→ Task objective: Below are records with pictures; copy word for word only the lines between the line with "塩田真弓のインスタグラム：「愉しい雨の日でした #新しい傘」" and the line with "MT - imagem", inclusive, and drop the pictures.

Short descriptive text snippets:
Content starts

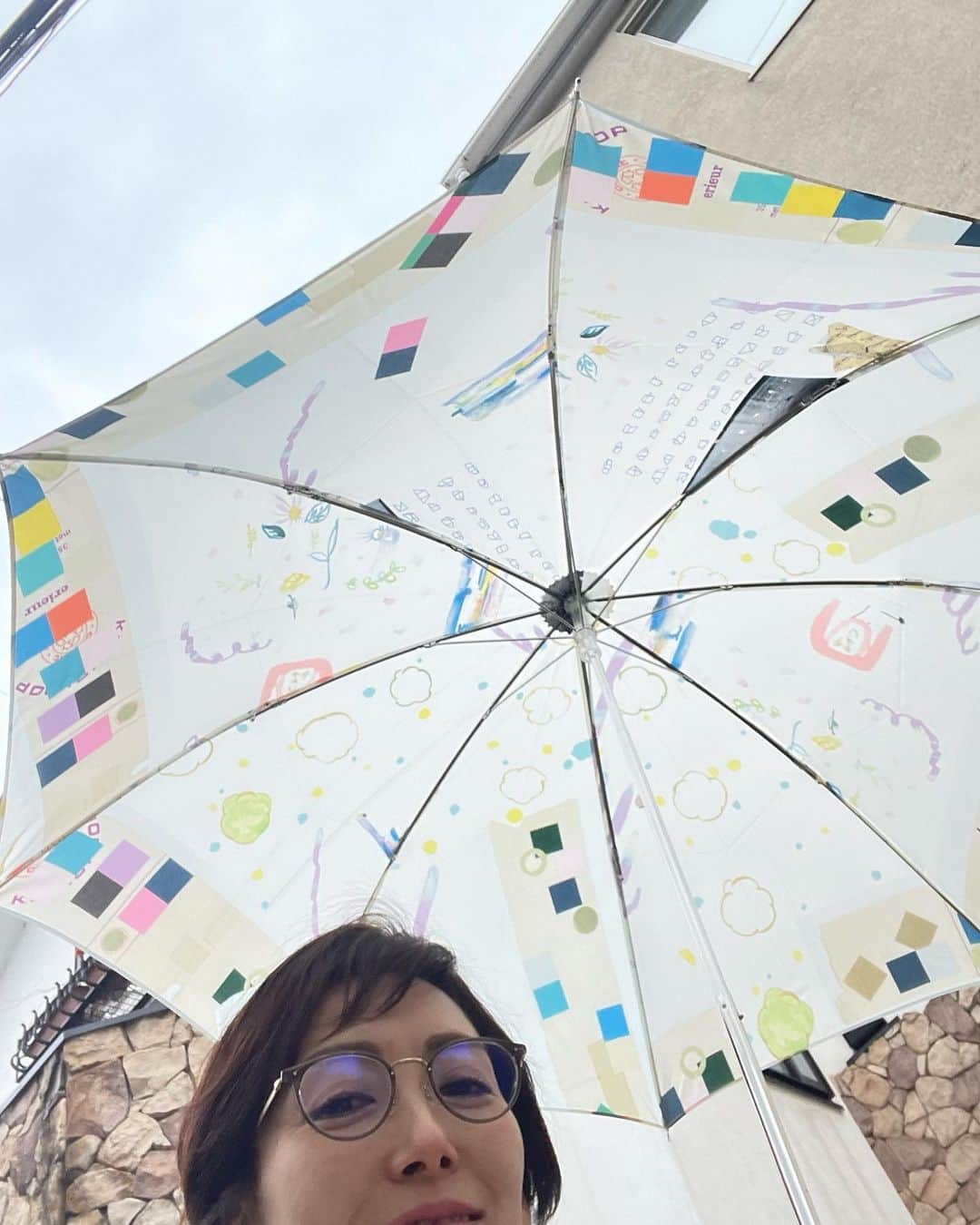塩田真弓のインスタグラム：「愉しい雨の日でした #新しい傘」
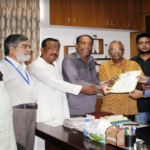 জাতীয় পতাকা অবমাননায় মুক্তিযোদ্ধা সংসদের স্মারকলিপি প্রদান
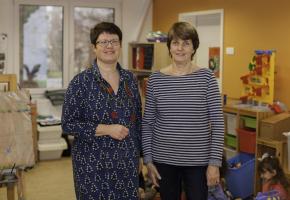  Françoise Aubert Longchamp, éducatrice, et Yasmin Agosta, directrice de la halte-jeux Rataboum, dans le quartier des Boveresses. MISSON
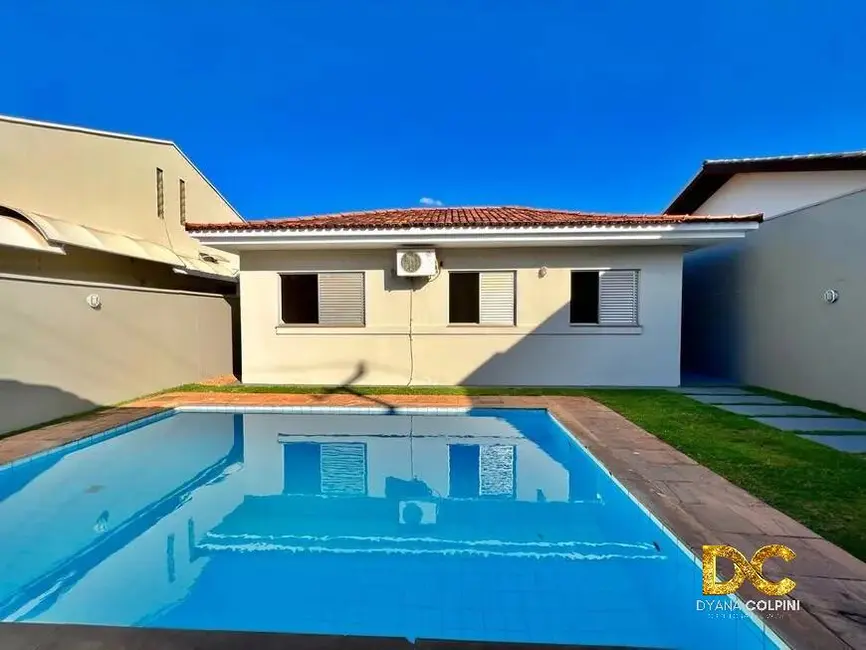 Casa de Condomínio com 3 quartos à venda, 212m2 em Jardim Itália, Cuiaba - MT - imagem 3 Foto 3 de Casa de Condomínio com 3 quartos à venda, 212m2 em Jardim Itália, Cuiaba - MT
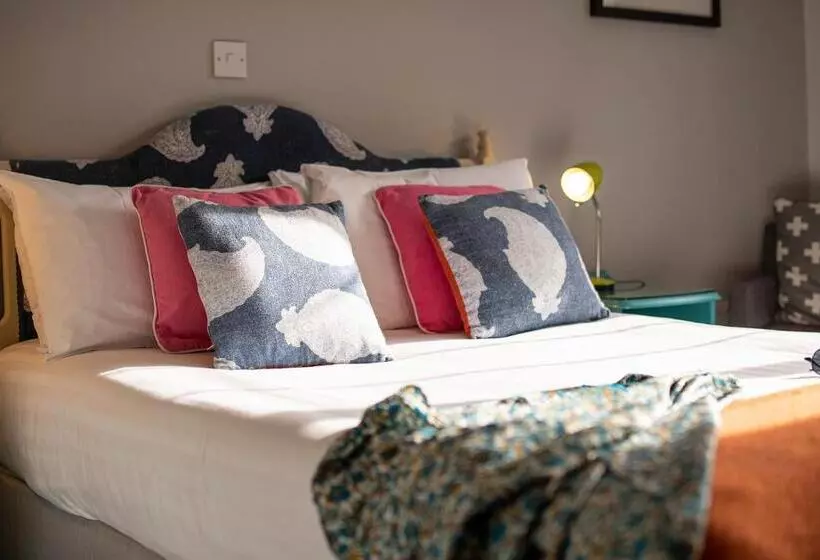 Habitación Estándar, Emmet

Content ends
Content starts

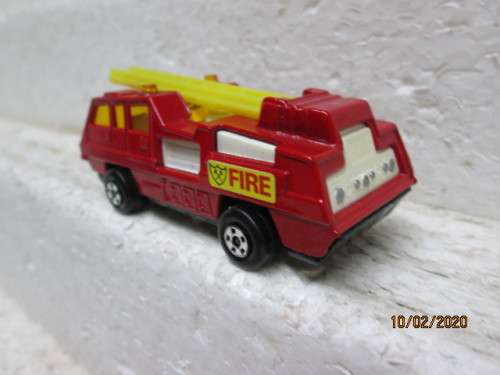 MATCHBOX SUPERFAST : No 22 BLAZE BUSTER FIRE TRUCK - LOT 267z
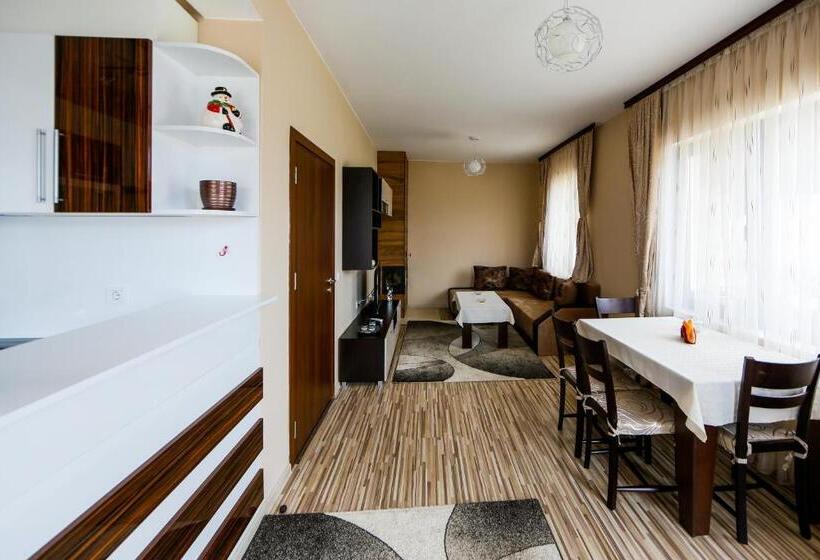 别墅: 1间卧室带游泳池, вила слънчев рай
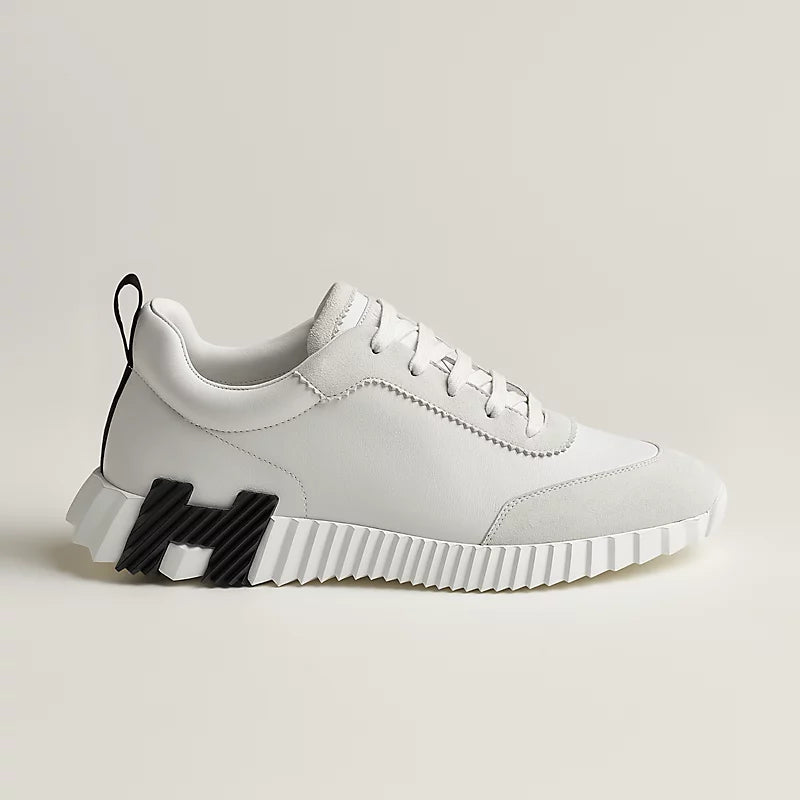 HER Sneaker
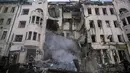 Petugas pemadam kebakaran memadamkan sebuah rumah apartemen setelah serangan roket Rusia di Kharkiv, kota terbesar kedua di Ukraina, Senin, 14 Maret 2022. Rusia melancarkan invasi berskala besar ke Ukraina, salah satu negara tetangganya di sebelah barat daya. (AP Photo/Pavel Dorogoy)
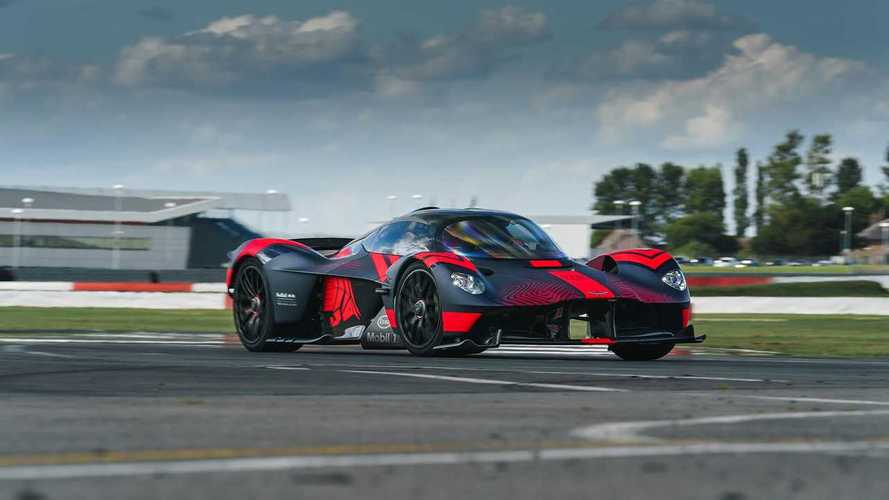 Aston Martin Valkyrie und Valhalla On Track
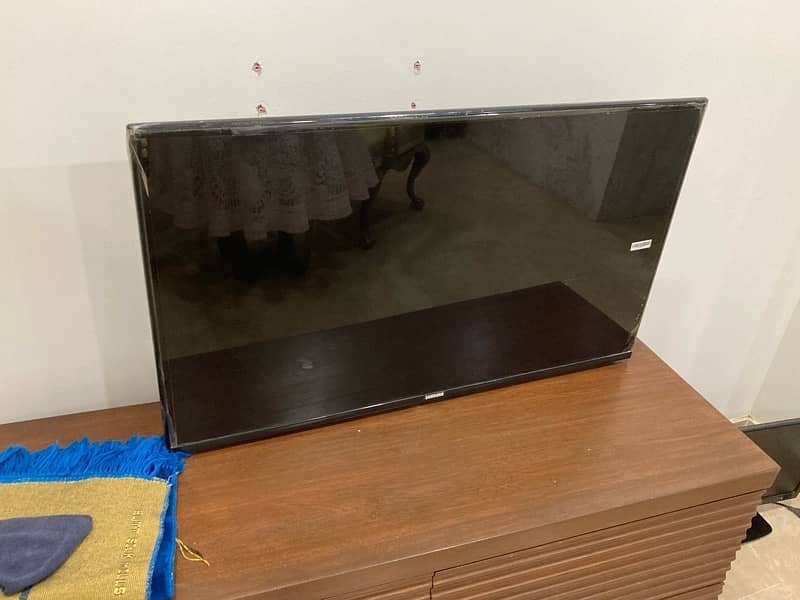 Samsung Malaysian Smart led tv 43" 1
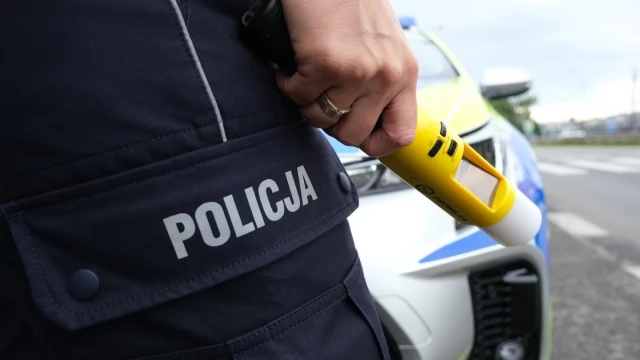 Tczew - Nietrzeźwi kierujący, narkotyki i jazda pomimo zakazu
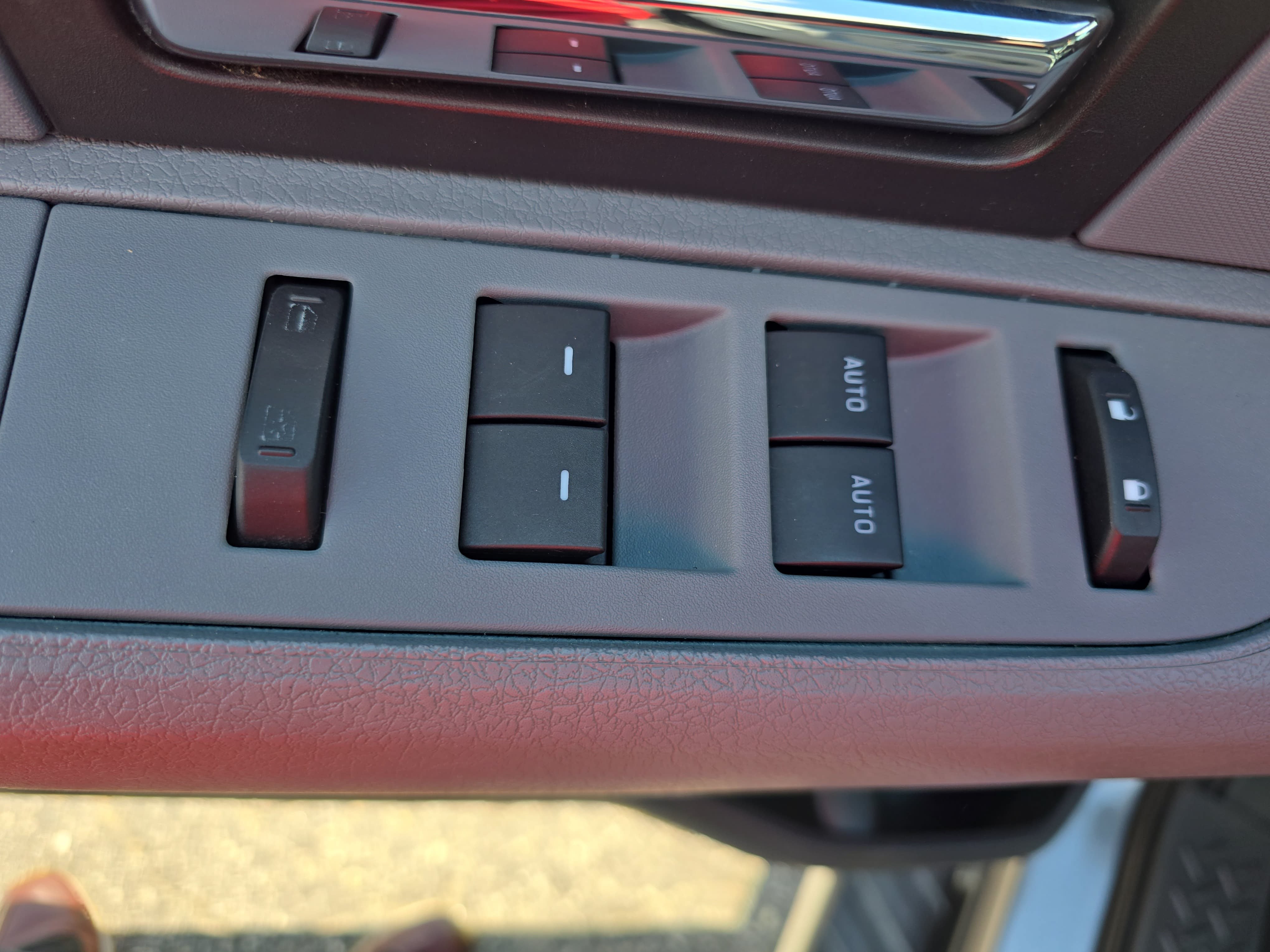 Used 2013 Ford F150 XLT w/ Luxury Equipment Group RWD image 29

Content ends

→ Your response:
塩田真弓のインスタグラム：「愉しい雨の日でした #新しい傘」
 জাতীয় পতাকা অবমাননায় মুক্তিযোদ্ধা সংসদের স্মারকলিপি প্রদান
  Françoise Aubert Longchamp, éducatrice, et Yasmin Agosta, directrice de la halte-jeux Rataboum, dans le quartier des Boveresses. MISSON
 Casa de Condomínio com 3 quartos à venda, 212m2 em Jardim Itália, Cuiaba - MT - imagem 3 Foto 3 de Casa de Condomínio com 3 quartos à venda, 212m2 em Jardim Itália, Cuiaba - MT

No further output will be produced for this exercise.